* [What is required]
Begin the copy at the line containing "Adam Sandler greeting" in the data below and end it at the line containing "Ofiste dizüstü bilgisayarla", keeping each line exact and leaving out pictures.

* [Data records]
⟨

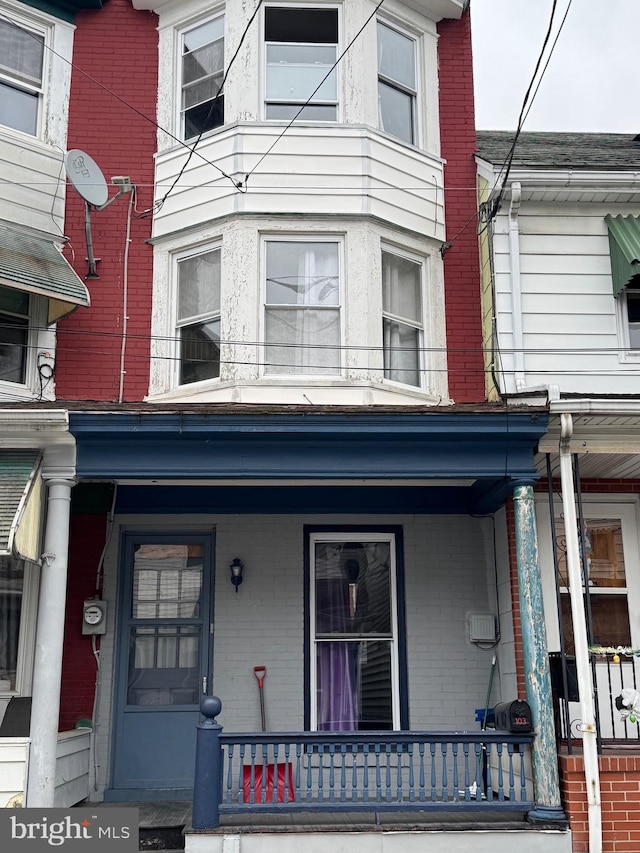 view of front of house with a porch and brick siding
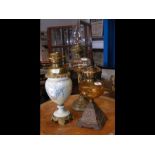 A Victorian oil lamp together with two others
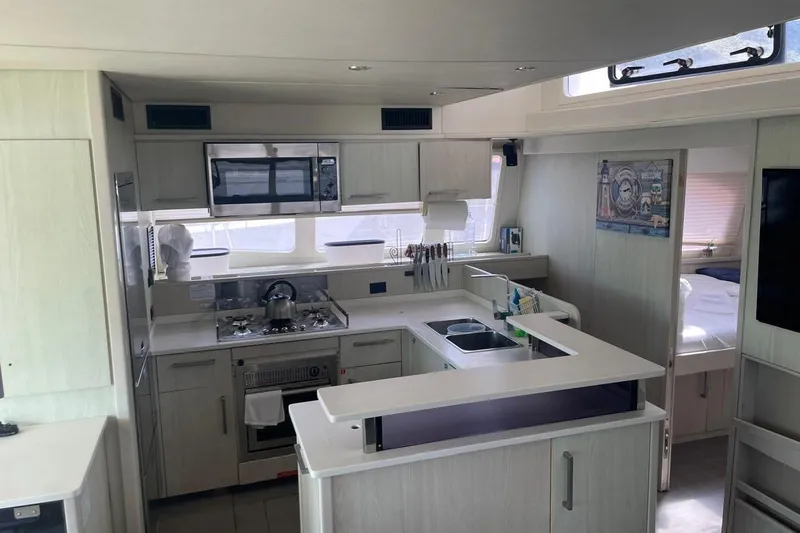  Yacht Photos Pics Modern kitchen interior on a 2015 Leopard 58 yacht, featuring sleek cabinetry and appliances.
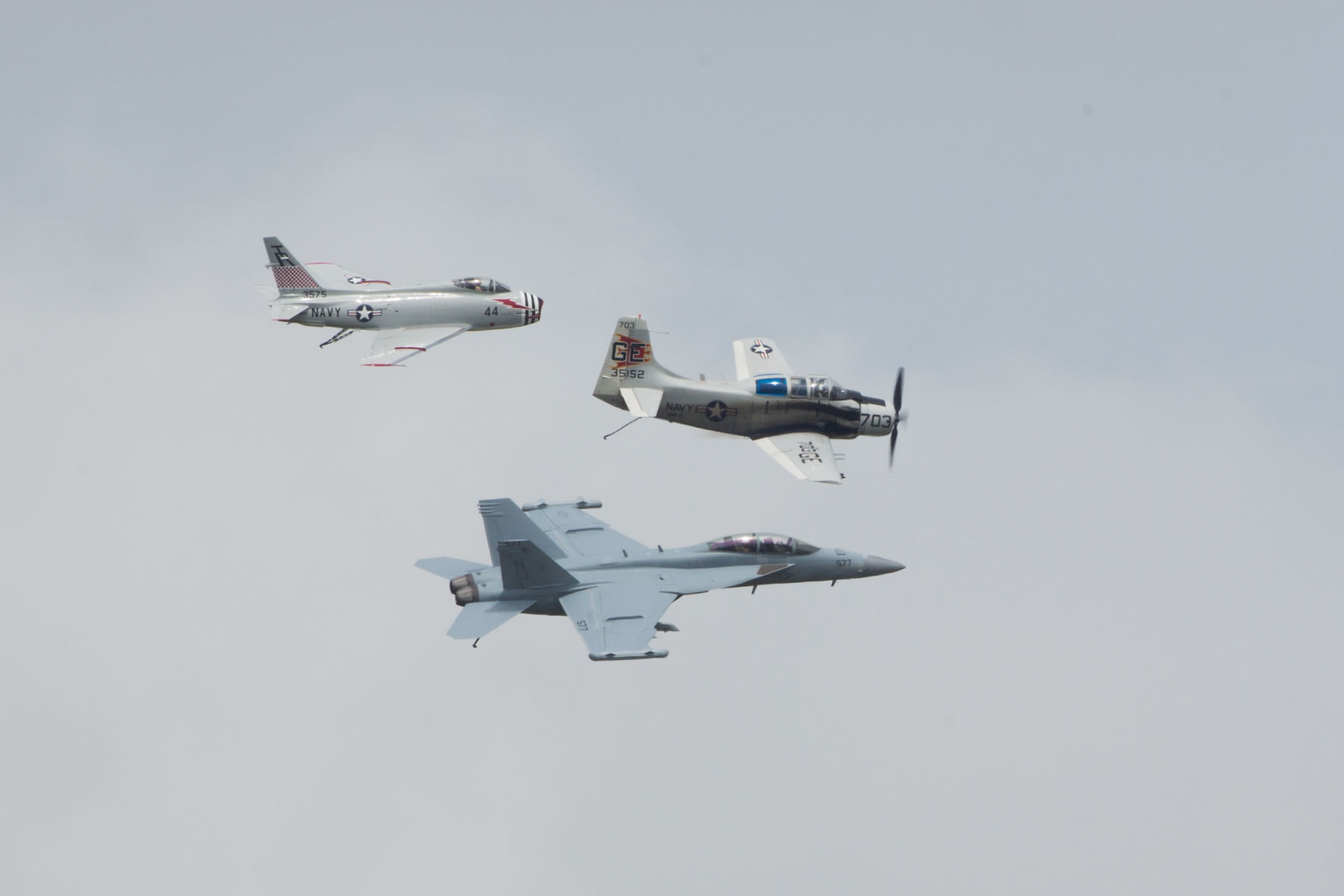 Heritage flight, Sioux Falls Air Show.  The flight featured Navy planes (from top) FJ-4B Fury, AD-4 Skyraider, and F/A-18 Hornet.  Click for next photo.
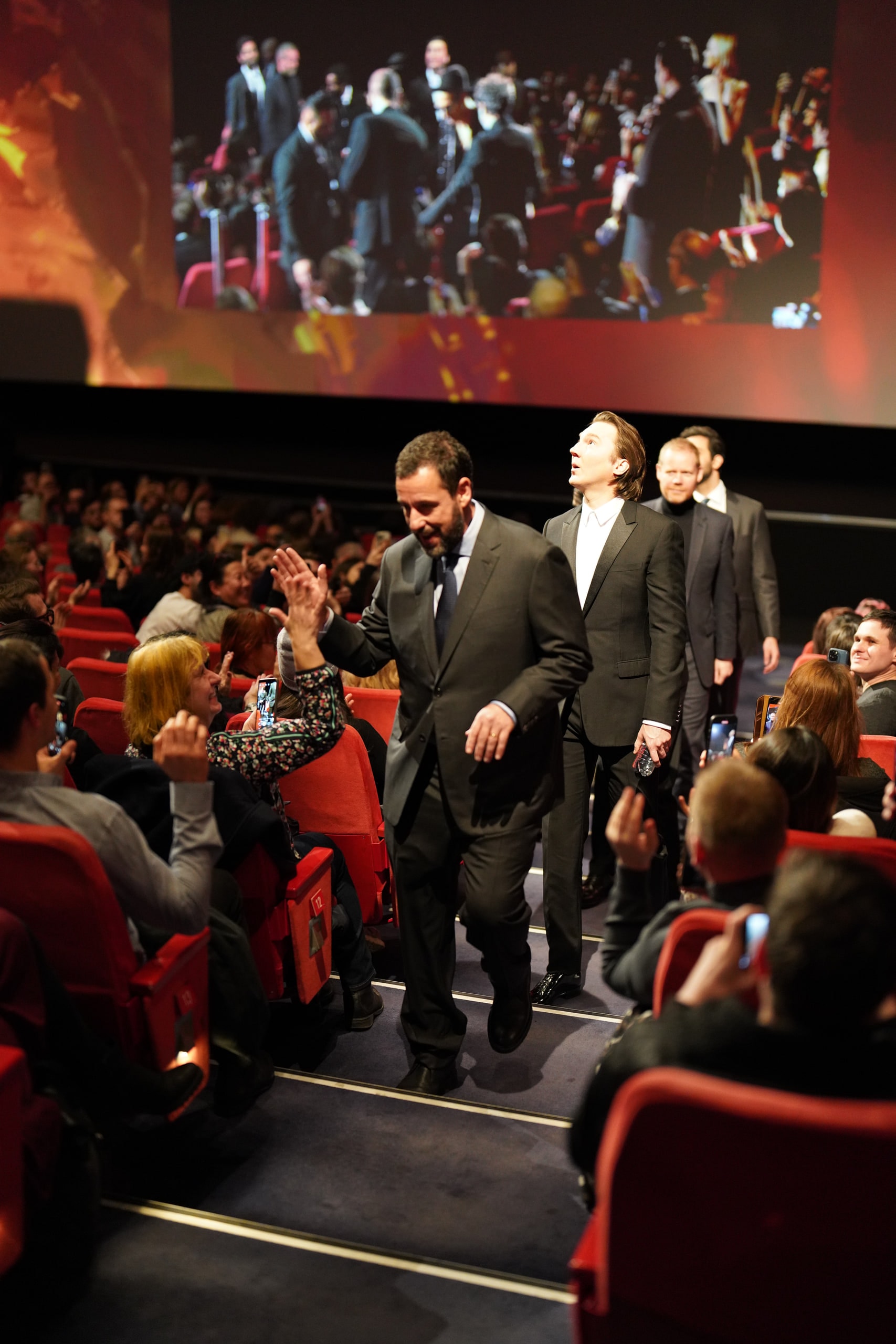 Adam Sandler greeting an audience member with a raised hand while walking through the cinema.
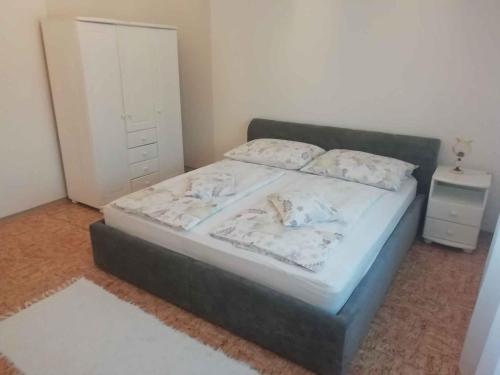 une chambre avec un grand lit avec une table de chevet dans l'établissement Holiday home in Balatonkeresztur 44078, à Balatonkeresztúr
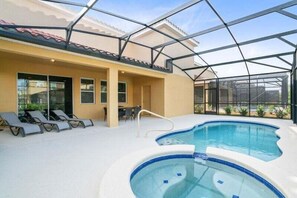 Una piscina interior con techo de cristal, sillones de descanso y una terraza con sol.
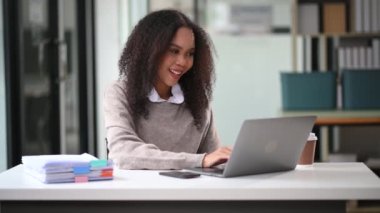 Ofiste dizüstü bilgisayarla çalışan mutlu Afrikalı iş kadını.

⟩
⟨

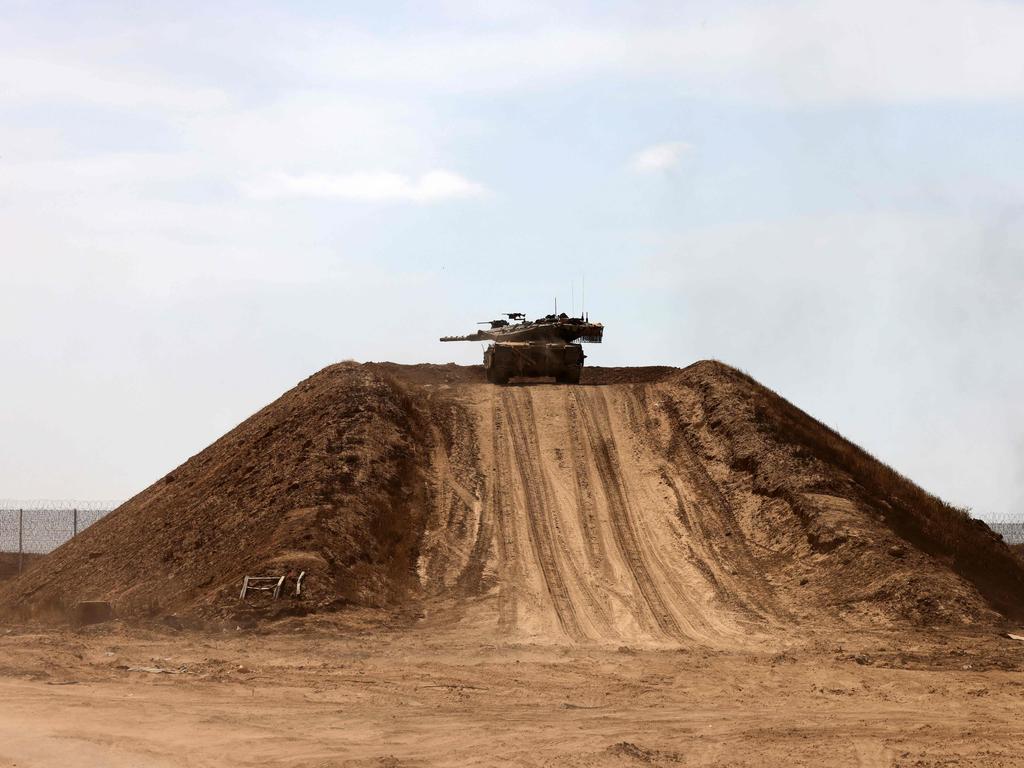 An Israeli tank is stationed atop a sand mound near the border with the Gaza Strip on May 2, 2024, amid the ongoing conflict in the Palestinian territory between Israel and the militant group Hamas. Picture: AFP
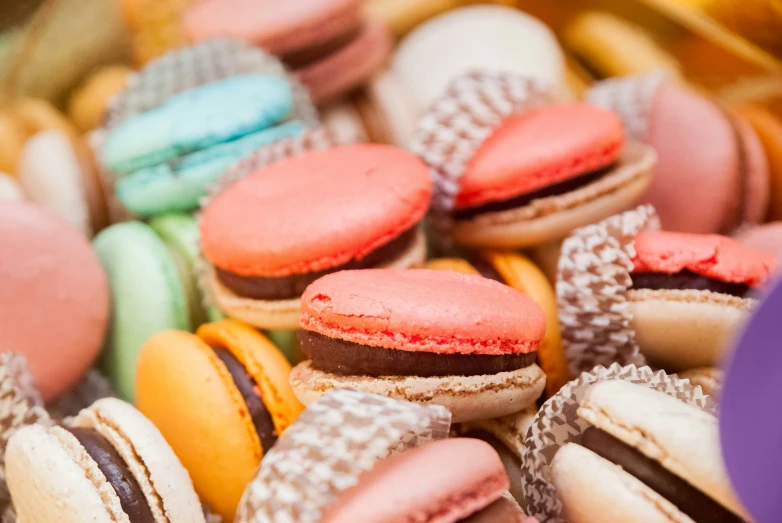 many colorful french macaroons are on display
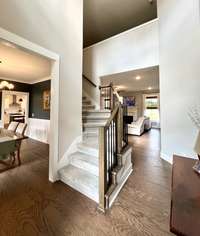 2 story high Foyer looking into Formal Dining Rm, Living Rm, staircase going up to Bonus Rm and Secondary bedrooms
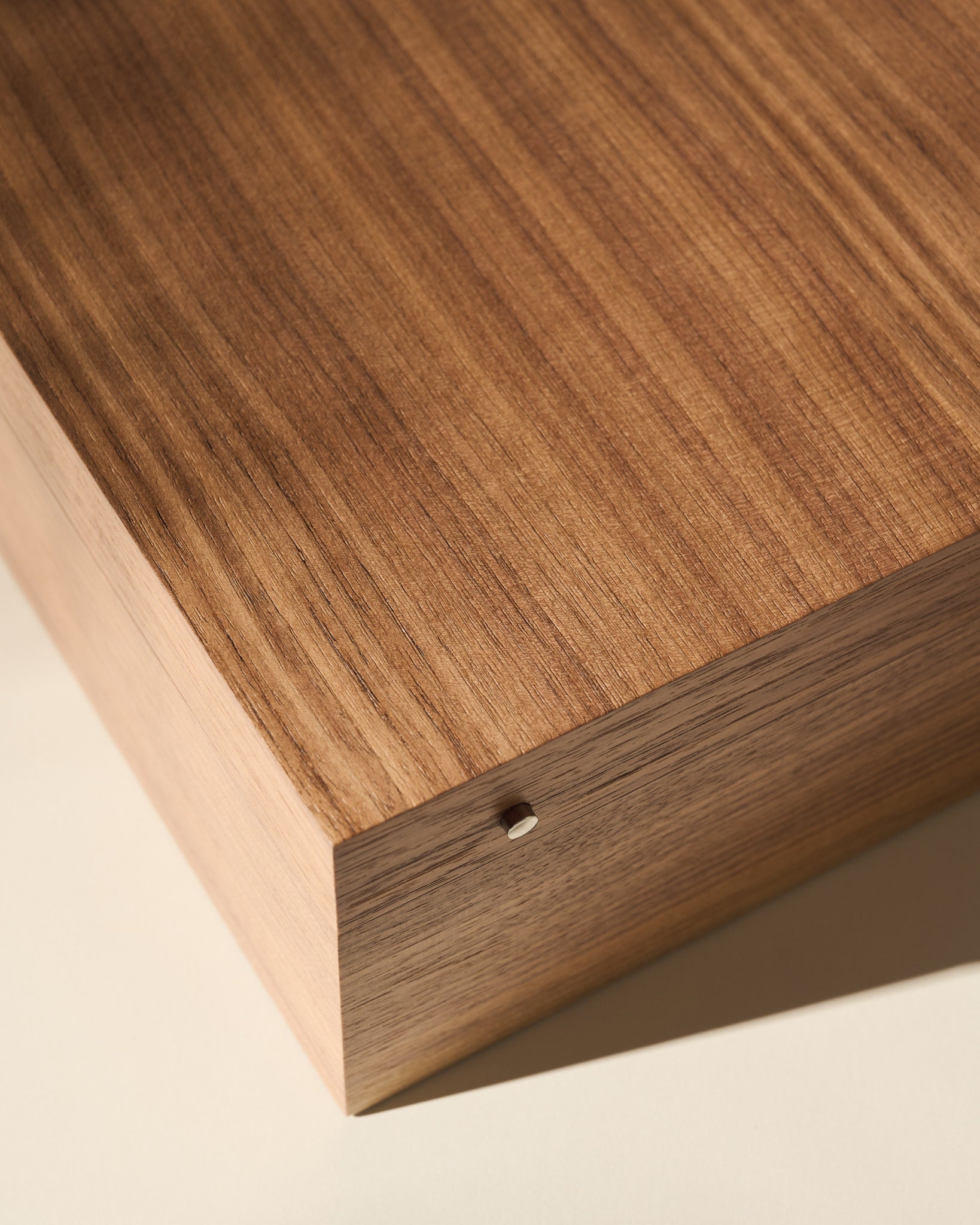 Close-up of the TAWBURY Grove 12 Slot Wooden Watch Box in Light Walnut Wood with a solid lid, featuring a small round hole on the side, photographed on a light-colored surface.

⟩

* [Solution for this problem]
 Adam Sandler greeting an audience member with a raised hand while walking through the cinema.
 une chambre avec un grand lit avec une table de chevet dans l'établissement Holiday home in Balatonkeresztur 44078, à Balatonkeresztúr
 Una piscina interior con techo de cristal, sillones de descanso y una terraza con sol.
 Ofiste dizüstü bilgisayarla çalışan mutlu Afrikalı iş kadını.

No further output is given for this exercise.